The gains that come from using typescript are productivity gains: in big projects static typing, generics, decorators, and interfaces are supposed to be a boost to productivity, not a boost to performance.
No. TypeScript's type system is intentionally unsound (it makes it easier to interop with JS and untyped code), which means they can't rely on types for efficiency.
It was my understanding that most/all of this unsoundness can be removed by telling the compiler to disallow a bunch of stuff using command line args, is this still not the case?
Also even if you can't statically determine the types of some variables typescript seems to be able to determine it for most. If most of the objects are statically known would it give you a large part of the speed up of a totally static system? In Java and C# there's still some intentional holes in the type systems like the dynamic keyword or casting to object
> It was my understanding that most/all of this unsoundness can be removed by telling the compiler to disallow a bunch of stuff using command line args, is this still not the case?
Nope, it's never been the case, even with all the flags on. It's not about implicit casts, it's about soundness in the actual type rules. Here's an example:
function append(array: Array<Object>) {
array.push("not a number");
}
var nums: Array<number> = [];
append(nums);
console.log(nums[0].toFixed());
If you run this, it throws an exception because String does not have a "toFixed()" method.
> If most of the objects are statically known would it give you a large part of the speed up of a totally static system?
Maybe, but it's hard to say.
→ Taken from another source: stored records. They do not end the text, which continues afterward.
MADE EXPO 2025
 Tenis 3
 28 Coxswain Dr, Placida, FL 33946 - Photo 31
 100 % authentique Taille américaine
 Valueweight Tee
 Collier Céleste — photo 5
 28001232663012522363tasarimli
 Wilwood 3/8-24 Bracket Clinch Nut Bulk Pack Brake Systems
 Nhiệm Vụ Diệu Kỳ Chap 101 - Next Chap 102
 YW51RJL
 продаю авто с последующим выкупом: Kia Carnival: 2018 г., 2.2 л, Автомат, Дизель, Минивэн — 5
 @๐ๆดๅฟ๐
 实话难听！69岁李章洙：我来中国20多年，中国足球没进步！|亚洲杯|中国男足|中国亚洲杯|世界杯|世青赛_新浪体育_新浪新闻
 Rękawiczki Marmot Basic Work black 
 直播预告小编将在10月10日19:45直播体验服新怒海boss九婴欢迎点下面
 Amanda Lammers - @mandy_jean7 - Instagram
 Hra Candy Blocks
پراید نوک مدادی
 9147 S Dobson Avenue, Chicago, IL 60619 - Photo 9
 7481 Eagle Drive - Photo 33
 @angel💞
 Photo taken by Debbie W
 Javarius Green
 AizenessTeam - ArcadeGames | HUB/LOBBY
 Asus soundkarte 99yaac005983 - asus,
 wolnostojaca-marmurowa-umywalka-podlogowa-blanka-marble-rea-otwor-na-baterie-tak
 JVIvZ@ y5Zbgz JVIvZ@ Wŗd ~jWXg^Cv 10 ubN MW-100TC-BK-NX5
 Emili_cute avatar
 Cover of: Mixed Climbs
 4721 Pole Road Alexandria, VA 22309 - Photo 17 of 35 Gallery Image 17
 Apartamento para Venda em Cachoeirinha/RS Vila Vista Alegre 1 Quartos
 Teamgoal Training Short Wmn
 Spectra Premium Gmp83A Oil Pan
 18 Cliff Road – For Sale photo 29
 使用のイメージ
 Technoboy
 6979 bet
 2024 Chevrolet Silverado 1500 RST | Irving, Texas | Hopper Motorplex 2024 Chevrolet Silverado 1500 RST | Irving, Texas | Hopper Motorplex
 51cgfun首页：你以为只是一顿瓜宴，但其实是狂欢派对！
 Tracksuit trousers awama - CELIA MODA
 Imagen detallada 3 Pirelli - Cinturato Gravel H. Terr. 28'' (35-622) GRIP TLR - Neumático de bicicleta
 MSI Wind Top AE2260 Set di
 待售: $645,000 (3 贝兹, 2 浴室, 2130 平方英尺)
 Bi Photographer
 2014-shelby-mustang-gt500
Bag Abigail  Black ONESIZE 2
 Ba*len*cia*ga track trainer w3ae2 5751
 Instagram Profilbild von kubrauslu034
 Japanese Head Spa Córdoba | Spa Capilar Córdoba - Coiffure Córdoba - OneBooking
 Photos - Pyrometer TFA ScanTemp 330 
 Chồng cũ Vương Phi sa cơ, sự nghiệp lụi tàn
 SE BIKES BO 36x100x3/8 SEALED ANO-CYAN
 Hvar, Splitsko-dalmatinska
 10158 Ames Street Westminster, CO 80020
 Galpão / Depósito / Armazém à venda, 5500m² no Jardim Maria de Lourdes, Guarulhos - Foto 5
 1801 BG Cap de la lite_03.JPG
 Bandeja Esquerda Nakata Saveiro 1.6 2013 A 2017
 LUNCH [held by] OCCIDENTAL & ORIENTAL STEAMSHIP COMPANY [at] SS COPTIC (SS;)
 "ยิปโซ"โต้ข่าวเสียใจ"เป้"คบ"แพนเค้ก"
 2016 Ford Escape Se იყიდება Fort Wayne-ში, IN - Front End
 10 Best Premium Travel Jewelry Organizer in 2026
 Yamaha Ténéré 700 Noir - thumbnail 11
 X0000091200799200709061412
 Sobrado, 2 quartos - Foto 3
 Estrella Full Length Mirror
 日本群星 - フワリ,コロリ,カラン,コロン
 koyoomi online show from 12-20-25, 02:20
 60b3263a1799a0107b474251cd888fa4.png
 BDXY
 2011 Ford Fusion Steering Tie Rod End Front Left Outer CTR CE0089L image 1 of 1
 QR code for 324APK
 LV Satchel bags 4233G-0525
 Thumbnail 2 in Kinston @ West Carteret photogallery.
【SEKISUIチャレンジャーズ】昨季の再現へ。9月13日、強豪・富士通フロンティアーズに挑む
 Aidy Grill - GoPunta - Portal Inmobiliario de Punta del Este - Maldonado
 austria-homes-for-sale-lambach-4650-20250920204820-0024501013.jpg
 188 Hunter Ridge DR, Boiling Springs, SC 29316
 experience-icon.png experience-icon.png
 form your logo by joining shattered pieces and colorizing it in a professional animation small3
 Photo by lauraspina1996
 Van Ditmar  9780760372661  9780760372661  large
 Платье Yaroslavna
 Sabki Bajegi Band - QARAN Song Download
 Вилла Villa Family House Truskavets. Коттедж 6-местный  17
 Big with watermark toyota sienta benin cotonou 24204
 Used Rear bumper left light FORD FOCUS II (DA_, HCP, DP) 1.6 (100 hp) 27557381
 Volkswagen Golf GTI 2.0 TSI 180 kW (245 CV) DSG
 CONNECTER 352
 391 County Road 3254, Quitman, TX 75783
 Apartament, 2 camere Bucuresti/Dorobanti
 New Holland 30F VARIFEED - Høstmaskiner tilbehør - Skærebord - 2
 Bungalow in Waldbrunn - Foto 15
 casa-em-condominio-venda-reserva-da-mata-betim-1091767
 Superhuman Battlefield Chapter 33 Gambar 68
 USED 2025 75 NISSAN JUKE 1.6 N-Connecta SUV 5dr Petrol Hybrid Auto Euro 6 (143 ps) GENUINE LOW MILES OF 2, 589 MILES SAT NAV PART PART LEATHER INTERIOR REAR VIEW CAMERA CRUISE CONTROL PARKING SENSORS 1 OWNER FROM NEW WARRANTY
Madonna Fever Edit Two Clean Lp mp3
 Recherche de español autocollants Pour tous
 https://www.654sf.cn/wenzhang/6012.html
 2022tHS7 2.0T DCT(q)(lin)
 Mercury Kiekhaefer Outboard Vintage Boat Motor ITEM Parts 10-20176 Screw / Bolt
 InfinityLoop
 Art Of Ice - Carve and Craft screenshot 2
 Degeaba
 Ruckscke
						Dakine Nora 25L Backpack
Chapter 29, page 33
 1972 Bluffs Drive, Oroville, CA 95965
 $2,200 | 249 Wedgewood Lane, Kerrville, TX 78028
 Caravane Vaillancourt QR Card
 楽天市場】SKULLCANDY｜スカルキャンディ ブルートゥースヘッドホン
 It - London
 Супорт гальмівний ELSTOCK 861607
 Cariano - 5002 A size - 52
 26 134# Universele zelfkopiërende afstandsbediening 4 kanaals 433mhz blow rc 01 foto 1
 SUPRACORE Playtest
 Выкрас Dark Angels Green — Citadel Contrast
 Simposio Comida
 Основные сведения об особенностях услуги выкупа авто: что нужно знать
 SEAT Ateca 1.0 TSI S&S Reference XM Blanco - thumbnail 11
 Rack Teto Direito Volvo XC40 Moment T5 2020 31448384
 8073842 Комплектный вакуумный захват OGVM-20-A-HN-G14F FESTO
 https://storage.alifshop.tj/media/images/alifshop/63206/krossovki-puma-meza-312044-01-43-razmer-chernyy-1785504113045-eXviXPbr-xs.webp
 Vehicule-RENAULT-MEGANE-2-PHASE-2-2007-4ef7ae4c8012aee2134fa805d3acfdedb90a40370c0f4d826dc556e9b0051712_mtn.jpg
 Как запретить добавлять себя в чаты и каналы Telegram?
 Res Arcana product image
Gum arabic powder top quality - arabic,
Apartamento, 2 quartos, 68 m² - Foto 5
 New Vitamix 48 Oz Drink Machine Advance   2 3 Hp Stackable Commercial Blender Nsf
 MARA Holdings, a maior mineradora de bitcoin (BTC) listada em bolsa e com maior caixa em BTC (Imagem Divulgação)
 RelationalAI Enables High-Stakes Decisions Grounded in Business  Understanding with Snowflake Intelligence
Once you have a single hole, if you can't check it at runtime right at the hole, then values of the wrong type can spread anywhere in the program.
> In Java and C# there's still some intentional holes in the type systems like the dynamic keyword or casting to object
Right. In the above example, Java and C# would throw an exception when you added the string to the array. This check has some runtime cost, but works.
I believe TypeScript is also unsound around function types, which is harder to address because there's no easy place to know where to add the check.
All of this is not really relevant for TypeScript, as it just transpiles to Javascript and ends up running on the used Javascript VM.
Sure, sometimes you might be able to generate more efficient code by tailoring the emitted Javascript to the VM behaviour or using something like typed arrays for low level operations, but if the target language doesn't have support for certain things like type hinting, there is not much that could be gained.
Using a JIT to generate very fast code for dynamic (even highly dynamic) languages is a really interesting topic. But it seems to involve jumping through a lot of hoops to get performance that is a fraction of what you can get out of an early 1990's era C compiler (or Pascal compiler, for that matter).